La consideriamo in casa una di noi e lei ci ricambia questo sentimento con altrettanto affetto. Questo vuole dire che la Giornata della Memoria mi ha coinvolto, anche se è una questione che può interessare me e la mia Famiglia e può non interessare, e forse annoiare, gli altri. Ma è difficile parlare di memoria, se non si ha la nozione dei fatti, Ed è una nozione che si acquista solo attraverso l’esperienza. Di esperienze ve ne sono almeno tre da percorrere: la visita ad uno dei luoghi di sterminio – Auschwitz è diventato il simbolo, ma non è il solo; la lettura attenta delle migliaia di testimonianze che sono state lasciate (da Annah Arendt allo sconosciuto Rinaldo Rinaldi, mio amico di Cisterna, che ormai ci ha lasciati, e che ha taciuto la sua esperienza di internato e di sopravvissuto in diversi campi nazisti: ha taciuto anche lui per 50 anni, poi ha trovato due bravissimi suoi amici, insegnanti, che ne hanno raccolto i ricordi, trasformandoli in uno splendido libro); e, infine, provando ad ascoltare qualche testimonianza, meglio diretta ma anche indiretta.
Io ho avuto la possibilità di percorrere tutti e tre questi passaggi: ho visitato Dachau, non distante da Monaco di Baviera, in una splendida e gelida giornata di sole, col vento che frustava i nostri corpi riscaldati dai soprabiti e dalle molte calorie di cui avevamo beneficiato in albergo. Quel giorno soffrii il freddo nell’ora che impiegammo per una rapida visita ed ebbi una percezione di ciò che dovettero soffrire gli internati, gli hopeless, i senza speranza che, vestiti di un leggero pigiama da recluso e privi di qualsiasi alimentazione lavoravano nel freddo inverno tedesco e dormivano nelle squallide baracche di legno, Ho letto decine, forse qualche centinaio di libri, che mi apparvero all’inizio come un racconto di Lovecraft, e che mi divennero familiarmente angoscianti. Ma non ci si può permettere il lusso dell’angoscia di fronte a quei patimenti. Infine ho avuto modo di ascoltare la vita vissuta in diretta dai lager attraverso alcuni amici e conoscenti che fecero l’esperienza di Mauthausen e di altri campi e che rientrarono a piedi da quei luoghi, miracolati, anche se ridotti a carte veline; e ho sentito i familiari di Claudia Terracina che ancora vivono il terrore e il dolore di quel 16 ottobre 1943, il giorno della grande retata di ebrei romani.

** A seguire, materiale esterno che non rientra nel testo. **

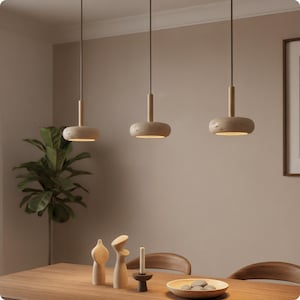 Peut inclure: Trois lampes suspendues modernes avec un abat-jour circulaire beige et texturé et une tige cylindrique en bois. Les lampes sont suspendues au-dessus d'une table à manger en bois avec des objets décoratifs en bois et une bougie. La pièce a une palette de couleurs neutres.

Ho avuto anche modo di ascoltare dal giovane Mario Costa di Formia, poi senatore della Repubblica e sottosegretario ai problemi del lavoro, l’ “inventore” della Università di Latina, i racconti di quel “campo climatico” (così lo chiamavano gli stessi protagonisti) che fu aperto a Formia, sulla costa di Giànola, per agevolare l’Exodus verso Israele di coloro che si erano salvati; ed ho ricevuto testimonianze scritte da chi, lavorando nei cantieri Orlando Castellano di Gaeta, ormai chiusi, cooperò da dipendente alla rimessa in mare di pescherecci e imbarcazioni da diporto che trasportarono ebrei smunti e consunti sulle coste della Palestina.
Sono cose note? Certo che lo sono, ma non a tutti. Anzi, poiché gli anni sono passati e le manifestazioni a volte sopiscono il senso della tragedia, riducendolo ad opaco rituale, quelle cose non vanno dimenticate e chi è abbastanza giovane da non averle viste che sui libri, farebbe bene a leggerne altri, quanti più ne può. E a permettersi una visita a Birkenau, a Dachau (due paesi pontini si sono gemellati: Fondi con Dachau e Cori con Auschwitz). Non per soffrire, ma per capire.